*** Source data ***
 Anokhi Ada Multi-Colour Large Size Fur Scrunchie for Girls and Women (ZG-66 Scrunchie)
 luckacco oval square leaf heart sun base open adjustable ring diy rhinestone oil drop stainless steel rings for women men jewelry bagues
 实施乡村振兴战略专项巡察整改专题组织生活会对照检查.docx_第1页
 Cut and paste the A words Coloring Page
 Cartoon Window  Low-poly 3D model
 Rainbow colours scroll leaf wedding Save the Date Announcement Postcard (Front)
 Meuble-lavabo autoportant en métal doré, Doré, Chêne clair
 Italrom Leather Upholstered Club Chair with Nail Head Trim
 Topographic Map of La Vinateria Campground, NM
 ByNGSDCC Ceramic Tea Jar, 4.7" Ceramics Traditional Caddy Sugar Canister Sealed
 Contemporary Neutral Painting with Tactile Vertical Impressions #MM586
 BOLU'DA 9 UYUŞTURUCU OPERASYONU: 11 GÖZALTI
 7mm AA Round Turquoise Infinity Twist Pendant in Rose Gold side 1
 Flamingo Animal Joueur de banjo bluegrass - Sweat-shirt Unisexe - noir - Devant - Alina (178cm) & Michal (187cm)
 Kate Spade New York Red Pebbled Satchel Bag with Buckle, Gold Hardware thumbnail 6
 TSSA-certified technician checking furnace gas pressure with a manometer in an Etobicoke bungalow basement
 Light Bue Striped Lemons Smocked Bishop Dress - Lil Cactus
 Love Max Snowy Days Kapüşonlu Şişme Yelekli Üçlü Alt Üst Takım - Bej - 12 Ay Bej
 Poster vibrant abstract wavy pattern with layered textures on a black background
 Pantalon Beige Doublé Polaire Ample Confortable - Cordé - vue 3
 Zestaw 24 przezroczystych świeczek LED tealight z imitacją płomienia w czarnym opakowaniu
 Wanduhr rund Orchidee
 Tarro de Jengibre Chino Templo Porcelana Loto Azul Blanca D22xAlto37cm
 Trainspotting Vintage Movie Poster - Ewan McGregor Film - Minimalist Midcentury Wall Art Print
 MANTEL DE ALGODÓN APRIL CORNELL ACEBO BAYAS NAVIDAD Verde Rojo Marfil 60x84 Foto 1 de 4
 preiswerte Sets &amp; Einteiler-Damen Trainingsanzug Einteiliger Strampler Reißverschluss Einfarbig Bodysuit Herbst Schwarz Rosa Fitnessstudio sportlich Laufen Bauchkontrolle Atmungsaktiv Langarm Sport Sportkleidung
*** End of Source data ***
• **Description of the task**:
Only a number is wanted here: how many lines of the records above include the string "with"?

• **The completed task**:
5